Ohhh I most definitely am! :,( Breaks my HEART but I know this is the right school for me, and I know that I would regret not going. I had my heart set on SCAD since middle school...No matter how much I adore Nathan, I know I couldn't switch schools because of him--I wouldn't want to feel like I missed out, and I wouldn't EVER want to put him in a position where I could one day resent making the choice(because I know I don't want to have the excuse--If I can't get a job in the arts, I don't want my mind to say 'well maybe if you had gotten a degree at an arts college instead of a cheap one at home'..Thoughts I never want to have! I'm doing the best I can, and once I have done that, then I can be home and anything that happens, happens.)

We're still going strong though  the poor boy does have all the added stress of the animals though..lol!

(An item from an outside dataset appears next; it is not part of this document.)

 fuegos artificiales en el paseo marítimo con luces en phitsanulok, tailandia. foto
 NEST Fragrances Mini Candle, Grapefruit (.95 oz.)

Mom says she thinks poor Dionysus is lonely! XD awww.. He's in my room right now, and no one goes in there except to feed and water change and stuff..She says everytime she walks in he swims right up to the glass to say hello!


----------



## luv2run21 (Aug 17, 2010)

awww i cant see the picture!


----------



## LikeDiscoSuperfly (Oct 18, 2010)

purplemuffin said:


> Ohhh I most definitely am! :,( Breaks my HEART but I know this is the right school for me, and I know that I would regret not going. I had my heart set on SCAD since middle school...No matter how much I adore Nathan, I know I couldn't switch schools because of him--I wouldn't want to feel like I missed out, and I wouldn't EVER want to put him in a position where I could one day resent making the choice(because I know I don't want to have the excuse--If I can't get a job in the arts, I don't want my mind to say 'well maybe if you had gotten a degree at an arts college instead of a cheap one at home'..Thoughts I never want to have! I'm doing the best I can, and once I have done that, then I can be home and anything that happens, happens.)
> 
> We're still going strong though  the poor boy does have all the added stress of the animals though..lol!
> 
> ...


Well I can understand that, good for you. =] 
I had quite a few friends that were accepted to nice colleges, and whitched at the last minute to stay with boyfriends they had here going to community college. needless to say, here we are 2 years later and only one of them is still with the boyfriend. :-?


Awwe, poor guy. Maybe she could leave a radio playing for him. When I leave I leave the tv on for my dogs, and the radio for my cat. :tongue:


----------



## purplemuffin (Aug 12, 2010)

Yep.. My plan was...why should I pick? If I stayed home, what if we had broken up? If he really is 'the one', then.. it will work out whether I stay home or go to college. If we break up(which, at this point is highly doubtful honestly) while I'm away, I know that we probably would have still broken up if I had stayed--maybe would have lasted longer, but then that could have been even worse, better a breakup than a divorce... 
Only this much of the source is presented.